In my last post, I shared a conversation with a doctor friend who told me that from the start, doctors are trained to lead with fear. That conversation left me with a question. What does a fear-based healthcare system actually produce?
So I looked at the numbers. In 2024, the United States spent an estimated $13,432 per person on healthcare. That's the highest in the world. The average for the other nine wealthy countries in the comparison was around $6,000. We spend roughly twice as much.
You'd think that kind of spending would buy better results. It doesn't. The Commonwealth Fund's 2024 "Mirror, Mirror" report ranked the US dead last among ten high-income countries. Lower life expectancy. Higher rates of preventable death. Worse outcomes across nearly every category.

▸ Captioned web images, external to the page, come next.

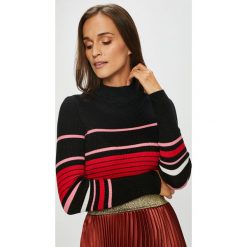 Trendyol - Sweter. Czarne swetry damskie Trendyol, s, bez wzorów, z wiskozy, z krótkim rękawem, krótkie, bez kaptura. W wyprzedaży za 49,90 zł.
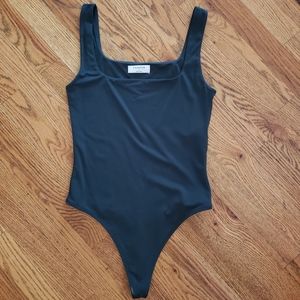 Aritzia Babaton Irwin Bodysuit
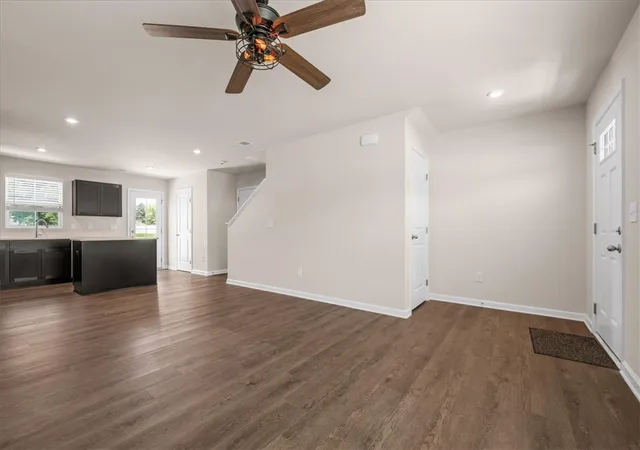 Photo 4 of Single family home for sale at 216 Highland Sta Dr, Clinton, SC 29325 | MLS# 20304010 | Listing updated on 2026-09-14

Here's the paradox. The US actually ranked second in the quality of care delivery itself. When people can get to the care, we're good at providing it. But we ranked last in access and last in outcomes. The system delivers good care to those who can reach it, then blocks too many people from getting there.
It gets deeper. Every other country in the comparison has achieved universal coverage. The US is the only one that separates people into classes and rations care based on ability to pay. And a 2025 study in the New England Journal of Medicine found that even the wealthiest Americans have survival rates on par with the poorest Europeans in western countries.
The system built on fear can't even deliver for the wealthy what systems built on equity deliver for everyone.